Yes this is the way to do it. It includes everything on your account even if you've clicked Delete on it.


I left Reddit but didn't scrub any posts. Seemed a bit like cutting off your nose to spite your face. Although I do understand why others thought otherwise.


Huffman has recently made it clear that he wants to monetize user data, so I think that's a good reason to delete it, imho. I can still understand leaving it up as a courtesy to other users, but deleting all your content is a valid action imho.

roofuskit avatar

11 year redditor here, I scrubbed my account too.


12 year account myself

crowsby avatar

The other significant factor is that even their recently-slashed valuation was based on some degree of projected user growth. If you're trying to IPO and your growth has flattened, it's bad bad news. If your engagement numbers are actively moving backwards, that's catastrophic.

Looking at posts per minute seems like a great way to judge the effect though. I anticipate Reddit, Inc. will attempt to downplay the effect by focusing on numbers that take engagement out of the picture, like Monthly Average Users. If you touch the site once in the month, even by absent-mindedly clicking on a Google result, you'd get counted in that for June. And they wouldn't report the July numbers until August because, golly it's an incomplete month. And by then, their hope is that the world will have moved on.

Internally, I'm sure there aware of the impact. But externally, I believe they'll cherrypick favorable metrics to try and control the narrative for the investing & advertising communities.


I anticipate Reddit, Inc. will attempt to downplay the effect by focusing on numbers that take engagement out of the picture

You pretty much described every corporation in the history of mankind. This is what they always do.

roofuskit avatar

They lost more than 30% of their actual users. Of the remaining traffic a portion is just bots. Maybe 10%? Maybe 30%? No idea, but not all of the remaining traffic is real people.

djidane535 avatar

I don’t know. Since the API pricing has not been applied yet, I assume many boys are still running.

Tormented avatar

I deleted my 12 year old account history after the "AMA" with Spez and will be fully deleting my account on the 30th. That being said I clicked back on reddit today and browsed a bit of what was up and after spending the last few days on kbin and beehaw I don't think I can go back.

The amount of toxicity that I was putting up with on reddit was astounding. I can't believe I didn't notice it was so bad, even on the smaller subs I was active in. I always have referred to reddit as a cesspit with islands of good content, but I think the landscape changed while I wasn't paying attention.

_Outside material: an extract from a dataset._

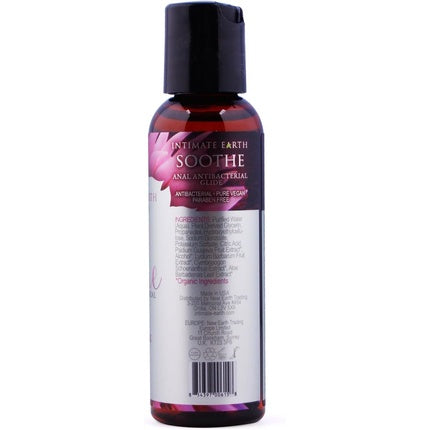 Lubrifiant Intim, Intimate Earth, Soothe, 60ml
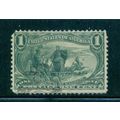 Used 285 1c Marquette on the Mississippi Fine C...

I do hope the protest works and 3rd party devs can continue their wonderful apps, but reddit is kind of over for me regardless. The fediverse somehow feels like the early internet, kinda like going home.

Nonameuser678 avatar

I'm having a similar experience in realising how much toxicity I've normalised on reddit. Going back on there now feels so absurd.


Agree! I cleared out all the outrage, political and "negative" subreddits I was subbed to last month and... there wasn't much left. I don't feel like user engagement is being gamed here, it's nice.


Thank you for eloquently putting into words what I've been feeling.

The day before the blackout, I was feeling a lot of grief. Reddit had been my "home" for more than a decade, and I thought i would miss the community. Instead, I feel…lighter? Things are much nicer here!

operator avatar

100% more nicer. Les toxic and definitely a feeling of humanity. Hard to explain, but the majority of comments over at reddit just don't feel human. Needed to change in order to realize.

Rottcodd avatar

The fediverse is definitely feeling like the early internet, and it's really taken me by surprise. Even though I reminisced about it and lamented it's loss, I think I never really understood just how much I missed it.

It's like 1995 all over again, and it's glorious.


Right there with you, also had a 12 year old account and deleted it. It's absurd how this is going. Federated definitely feels more tight knit and less just a media consumption platform.


That ama was the most unprofessional bunch of dogs shit I have ever seen from the ceo of a multimillion dollar company.

tal avatar


Multibillion. Well, theoretically.

@db0@lemmy.dbzer0.com avatar

Let's not have too rose colored glasses. A lot of it is because lemmy and kbin are tiny and haven't received their "eternal September" moment yet. It's bound to get worse so I hope our moderation tools will evolve sufficiently until then


While you're not wrong, the fact that it's an open and decentralized protocol and not a corporate-controlled silo makes the ultimate outcomes of the fediverse unpredictable. Better for actual human users, I think, and at least it'll be interesting to watch and participate in while those outcomes develop (likely over years if not decades).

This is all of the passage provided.